Web page caption snippets:
━━━━━━━━━━━━━━━━━━━━
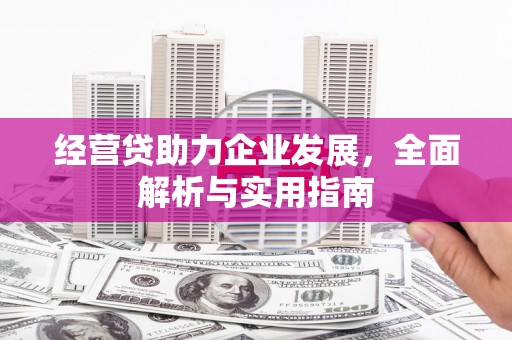 塔城经营贷助力企业发展，全面解析与实用指南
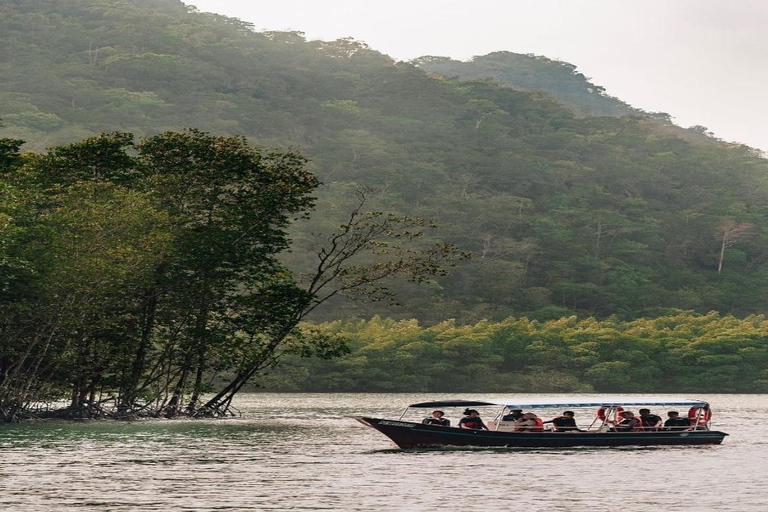Night Safari Mangrove Tour with Guide & BBQ Buffet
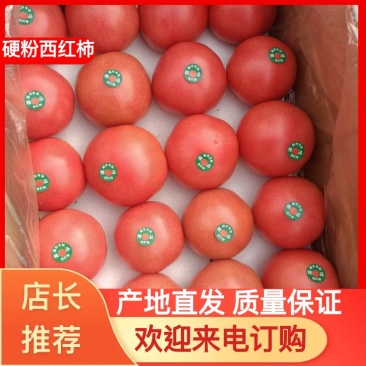 山东硬粉西红柿粉柿子专业对接商超精选产品量大从优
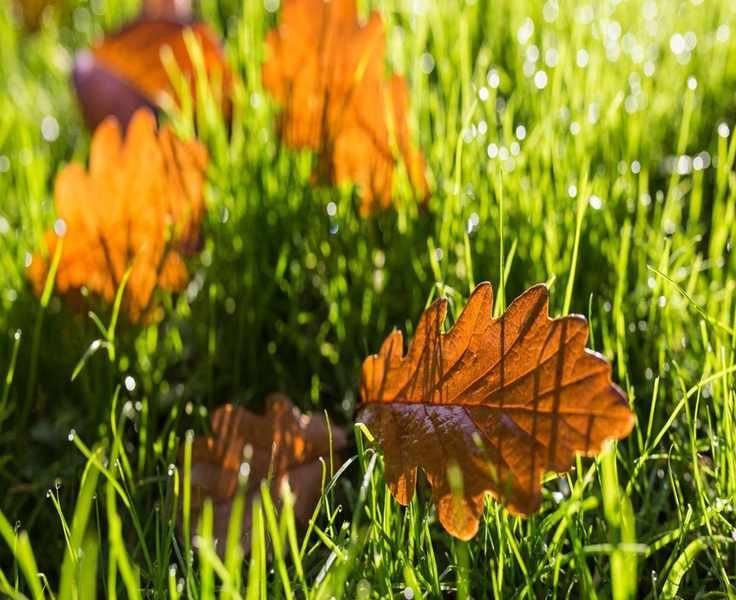 Knowing When to Cease Watering Your Lawn in Fall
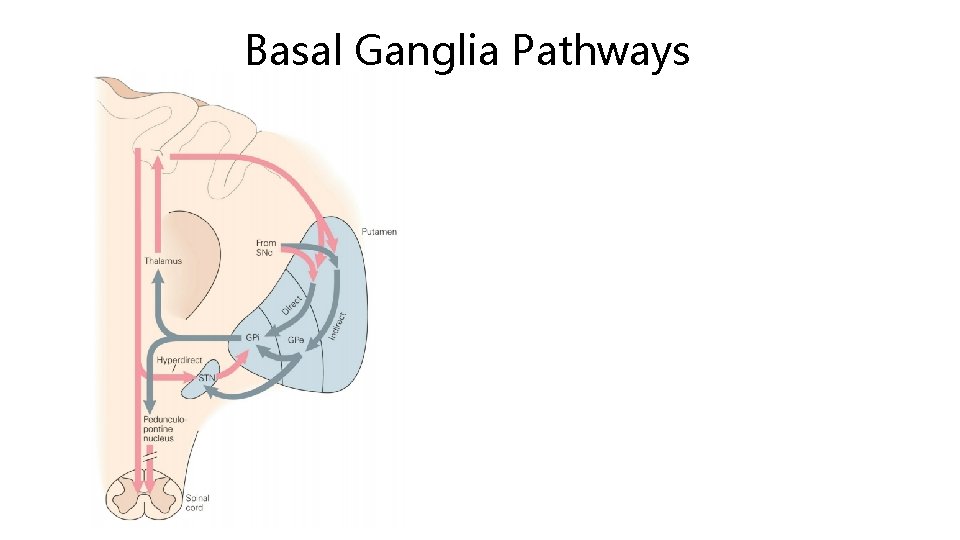 Basal Ganglia Pathways 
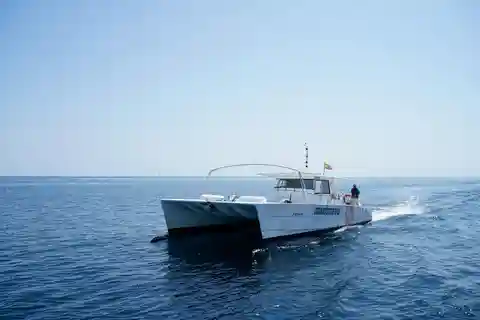 Altea : Excursion en catamaran à moteur avec pause baignade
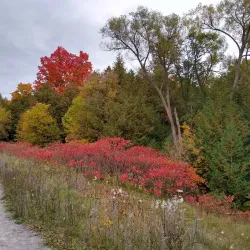 Seaton Trail - Pickering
━━━━━━━━━━━━━━━━━━━━
#### To do
Please output the lines of the records above from the one with "Basal Ganglia Pathways" through the last, exactly as they appear and with both ends included; skip any pictures and add nothing.

#### Answer to this task
 Basal Ganglia Pathways 
 Altea : Excursion en catamaran à moteur avec pause baignade
 Seaton Trail - Pickering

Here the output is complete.